As I understood the original question, the product was supposed to give the original number back, not just the product of of the primes, but I may be wrong.

Code: [Select]
`The prime factors of 60 are:2 3 5The product of the prime factors of 60 is 30`
Bart

#### Kays

• Full Member
• Posts: 141
• Whasup!?
##### Re: Variables related question.
« Reply #7 on: February 13, 2018, 06:59:18 pm »
[…]
There are always several ways to approach problems such as this. Here is one solution for you.
[…]

I'm tempted to just post the solution, too, but ProjectEuler was meant as challenges.

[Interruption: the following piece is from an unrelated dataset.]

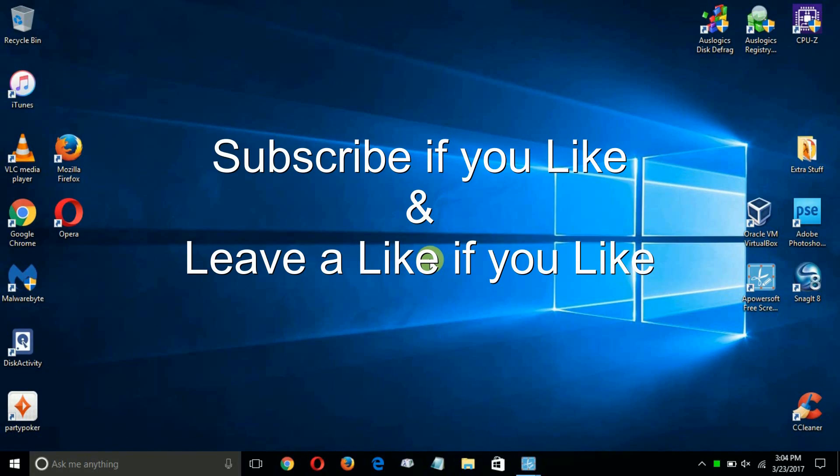Before leaving, be sure to subscribe if you like and leave a like if you like.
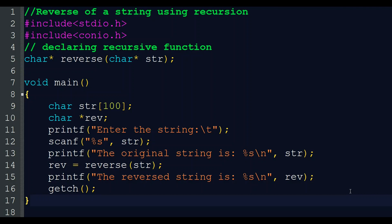Hi everyone, welcome back to myclass.com. Today our topic is finding the reverse of a string using recursion — a program for finding the reverse of a string using recursion.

As I understood the original question, the product was supposed to give the original number back, not just the product of of the primes, but I may be wrong. […]
I think so, too.

I looked back into my study folder. Prime factorization itself was a programming assignment back then in CS1 (general CS class in first semester). The general idea was described in the problem set sheet, though. I translated (and slightly modified) what I'd programmed in java at that time:
Code: Pascal  [Select]
1. program primeFactorization(input, output, stderr);
2.
3. uses
4.         // for intToStr()
5.         sysUtils;
6.
7. function intPrimeFactorization(const n: qword): string;
8.         // nested routine, for less memory allocation and more overview
9.         function ipf(): string;
10.         var
11.                 p: qword;
12.                 s: string;
13.         begin
14.                 p := 2;
15.                 s := emptyStr;
16.
17.                 // test, while we haven't found a prime
18.                 while sqr(p) <= n do
19.                 begin
20.                         // fitting divisor found?
21.                         if n mod p = 0 then
22.                         begin
23.                                 // recursion
24.                                 s := concat(intToStr(p), ' * ', intPrimeFactorization(n div p));
25.                                 // catch next iteration
26.                                 p := n;
27.                         end
28.                         else
29.                         begin
30.                                 inc(p);
31.                                 // have we tested all reasonable integers?
32.                                 if sqr(p) > n then
33.                                 begin
34.                                         // so n is probably a prime
35.                                         s := concat(s, intToStr(n));
36.                                         // catch next iteration
37.                                         p := n;
38.                                 end;
39.                         end;
40.                 end;
41.
42.                 ipf := s;
43.         end;
44. begin
45.         // base case: …, 2, 3 are already prime
46.         if n < 4 then
47.         begin
48.                 // store result
49.                 writeStr(intPrimeFactorization, n);
50.         end
51.         else
52.         begin
53.                 intPrimeFactorization := ipf();
54.         end;
55. end;
56.
57. // MAIN //
58. var
59.         n: qword;
60. begin